Just when Joseph thought he could finally lock up his life story in the memory closet called “forgotten,” the trouble of his life showed up in front of him. There they were, on the ground, bowed before him (Gen. 42:6). They had no clue that the one who was looking at them was the very one they once wished dead (v. 8).
The victim meets his tormentors. The memories and feelings return. What would Joseph do now?
The almost unlimited power of his leadership position only intensified Joseph’s dilemma. He remembered their crime and his dreams—now literally acted out just as God had shown him—that triggered their hatred. How do you use your power when God turns your enemies over to you?
Joseph noticed that Benjamin, his younger brother, was missing among them! Had these cruel men killed him? Can you imagine the raw emotion that flushed Joseph’s heart? But he had learned not to let emotion hijack the cool of his leadership. Joseph would test them and, if necessary, break them. His stern voice left no doubt as to who was in charge.
As Joseph unforgivingly pressed them for the truth, a new story emerged. Instead of cruelty, he noticed unselfish commitment to each other. Instead of deception, Joseph sensed devotion to their father. As his ears tuned in to their hushed conversation, Joseph overheard what he did not expect: they, too, remembered that bitter moment when they had ignored “the anguish of his soul” (Gen. 42:21, KJV). Their sin had imprinted itself on their hearts as if it could not be forgiven. Hearing their anguish over his destiny struck Joseph like a lightning bolt. Only a quick exit saved his face as Joseph broke down and wept as he never had before.
God redeeming our story
Most of us are too familiar with the story of Joseph not to recognize what a crucial leadership moment this was for Joseph. Here was a leader choosing to work through his past rather than forgetting it. It paved the way for that ultimate moment of truth recorded in Scripture when he reassured his fearful brothers after the death of their father Jacob: “ ‘Don’t be afraid of me. . . . You intended to harm me, but God intended it all for good’ ” (Gen. 50:19, 20, NLT).
Did you notice that?

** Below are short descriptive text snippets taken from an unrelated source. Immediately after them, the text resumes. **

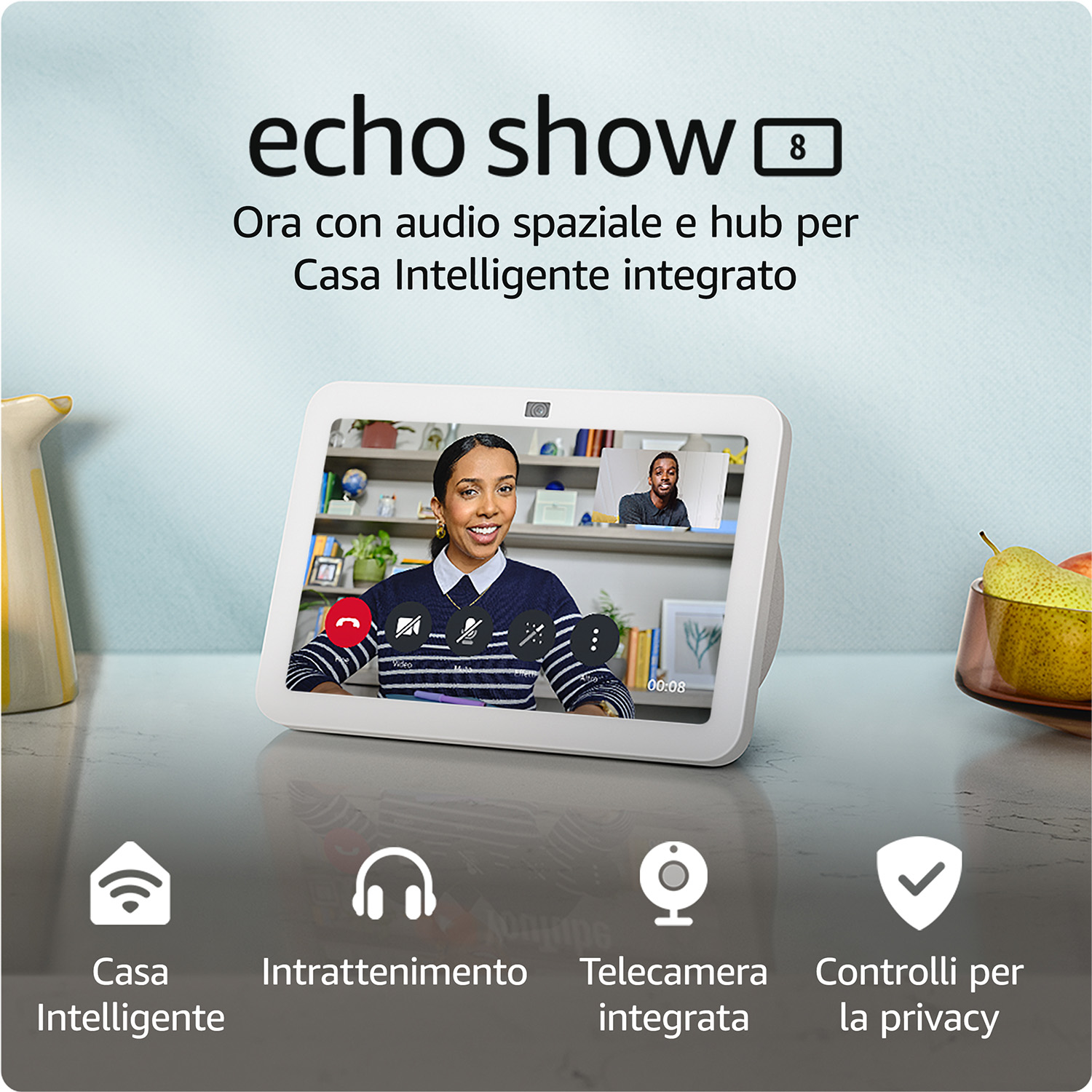 Un dispositivo Echo Show 8 che mostra una donna in una videochiamata.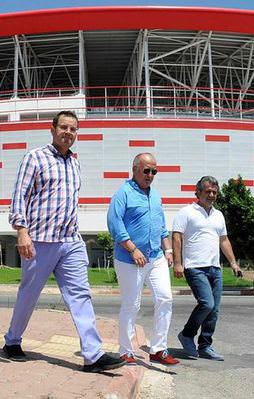 Taraftarın bozuk paraları hayır kurumuna verilecek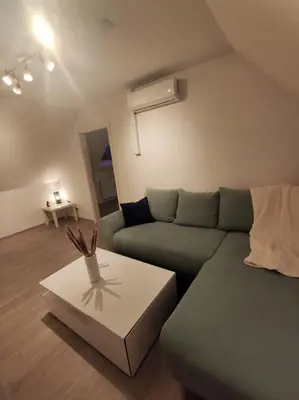 Ein Sitzbereich in der Unterkunft Dachgeschosswohnung mit Klimaanlage in bester Lage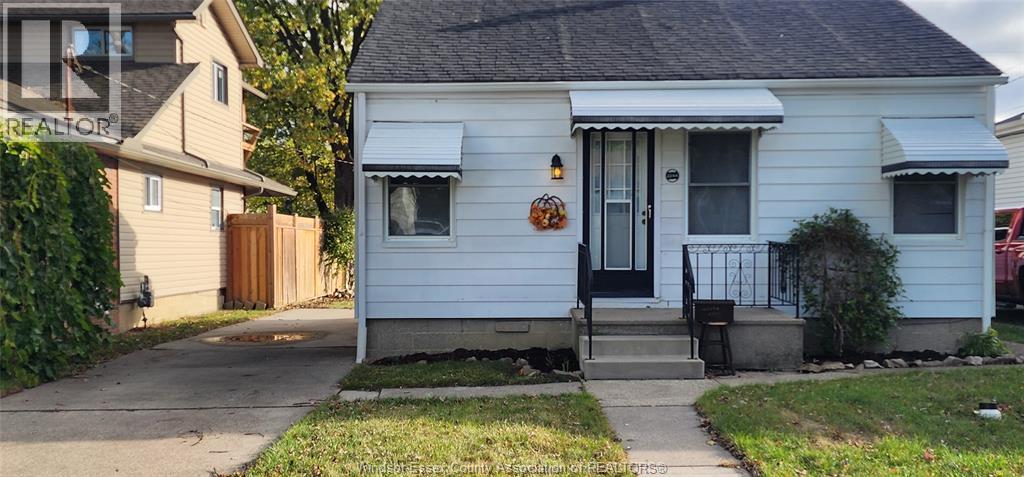 2244 Parent, Windsor, Ontario  N8W 2E3 - Photo 2 - 25027099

God had not wiped away the truth of their guilt and his misery. God had entered it and redeemed it. Once Joseph realized God’s grace had always been in his story, he could forgive it. Joseph could finally embrace God’s grace in his whole story—both glorious and painful.

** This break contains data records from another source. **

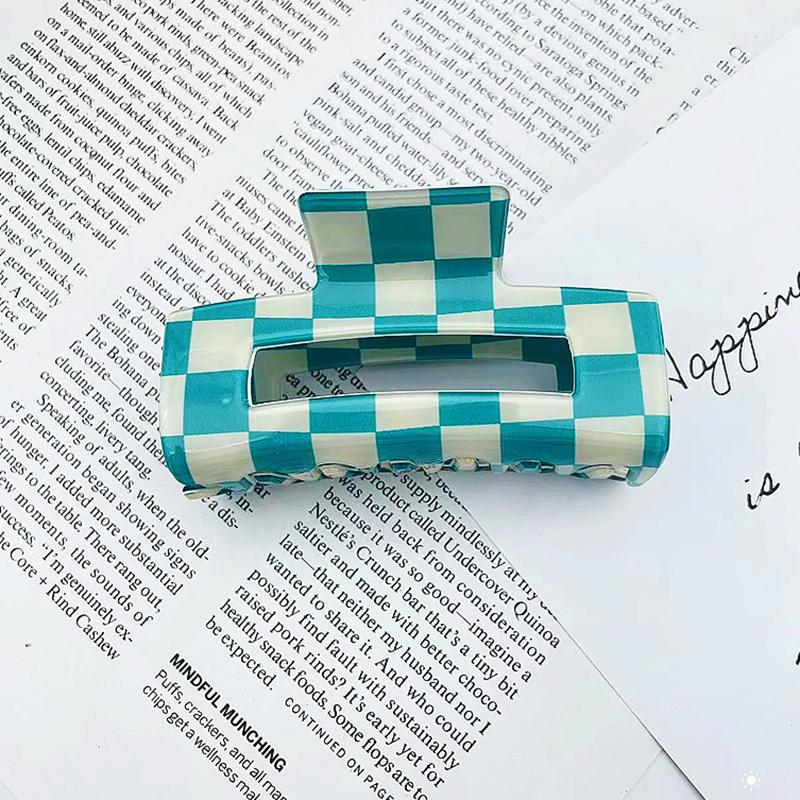 Neu eingetroffen: Modische, 8 cm große, rechteckige Haarspange mit Karomuster aus Acryl für dickes Haar – Haifisch-Haarspange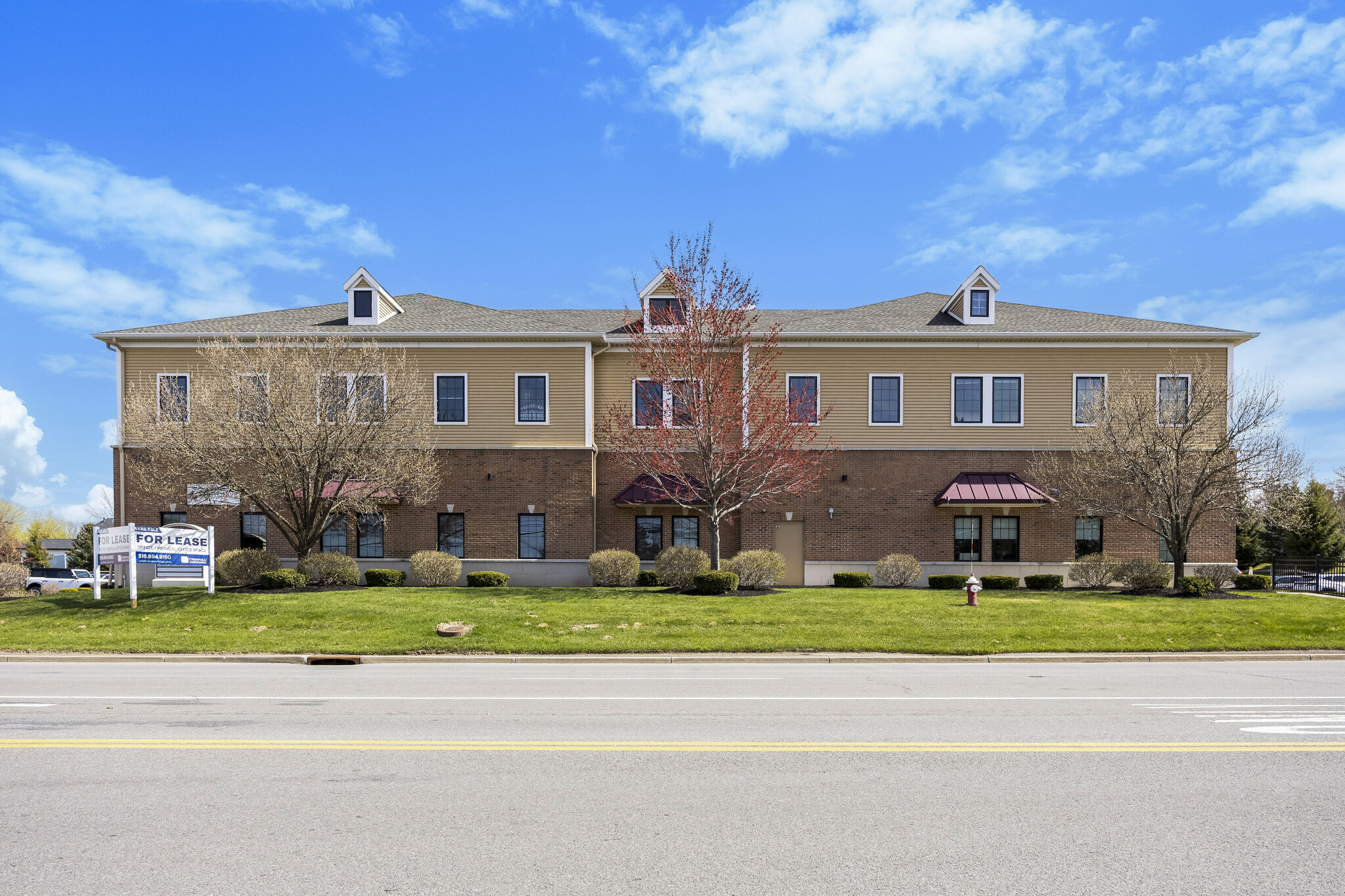399 Albany Shaker Rd, Loudonville, NY for lease Interior Photo- Image 1 of 21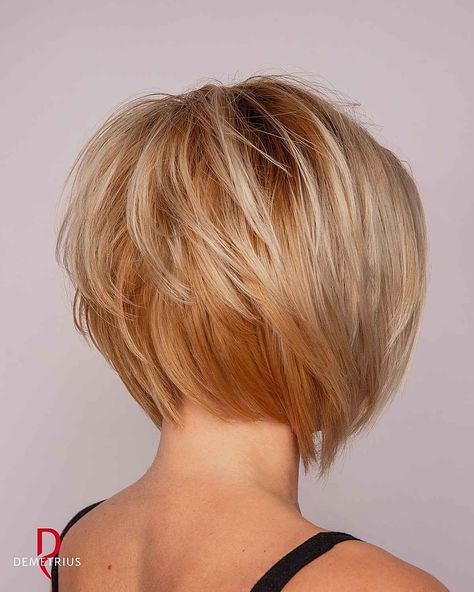 Bob Haircut Back View, Inverted Bob Haircuts, Angled Bob Haircuts, Inverted Bob Hairstyles, Stacked Bob Hairstyles, Stacked Bob Haircut, Choppy Bob Hairstyles, Chin Length Hair, Bob Haircut For Fine Hair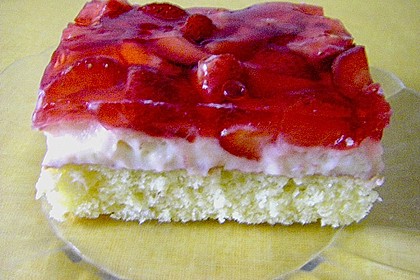 Erdbeer-Kuchen mit Vanillecreme 111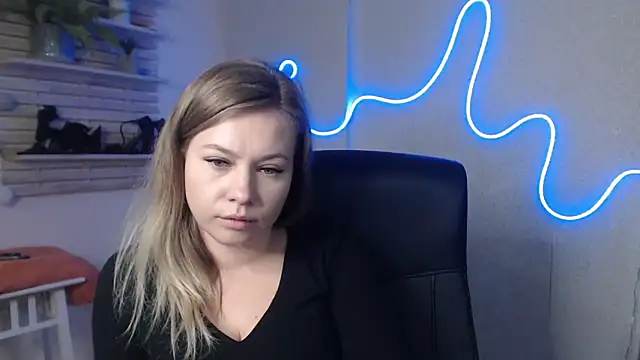 Snapshot of holly_xglam chatting on December 19, 6:34 am holly xglam online show from December 19, 6:34 am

Many of us have a hard time with the story. We are not, of course, suggesting that God justifies cruelty done to any of His children. Yet when we suffer, God enters into our suffering with us (Isa. 63:9). All too often, the pain of the moment hides this reality from us. Thus, our unhealed wounds and stories of the past are buried deep in the closet of our memory. We wish to forget them. But even though banned from view, these experiences still affect our life and leadership and sometimes derail our best intentions. These hidden dynamics are one of the reasons leadership development is such a difficult undertaking.2
In a study of congregational leaders, Mike Aufderhar found that leaders “without an awareness of their family system patterns and reactivity often exercise their leadership in unhealthy ways that are damaging to their congregations.”3 Why? In anxiety-generating situations, we tend to revert to behavior patterns we developed earlier in life. The stories of the past, which are thought to be overcome and discarded, if not forgiven, can still trigger emotional reactions to do their destructive work.4
Look at Moses, striking the rock in anger instead of talking to it as God had commanded. Why this overreaction? Fearful of seeing Israel repeat the rebellion, possibly causing their exclusion from the Promised Land, Moses simply lost it. While we have great sympathy for his “losing it” when faced with the constant whining and rebelling of His people, God still held Moses accountable for his failure under pressure.
What can we do? One way to find healing is to realize that our life is a sacred story authored by God: “Everyone’s life is a story. But most people don’t know how to read their life in a way that reveals their story. They miss the deeper meaning in their life, and they have little sense of how God has written their story to reveal himself and his own story.”5 Learning to read your life story is a core ingredient for leadership growth.
In our leadership program at Andrews University, we ask all leaders to write out their life stories. Then we help them plot their story on a timeline and track God’s fingerprints in the circumstances, events, and people of their lives.6 Many leaders are profoundly affected by this exercise. The exercise assumes that if God has called you as a leader, He uses all of your life to shape the unique you, the good and the bad.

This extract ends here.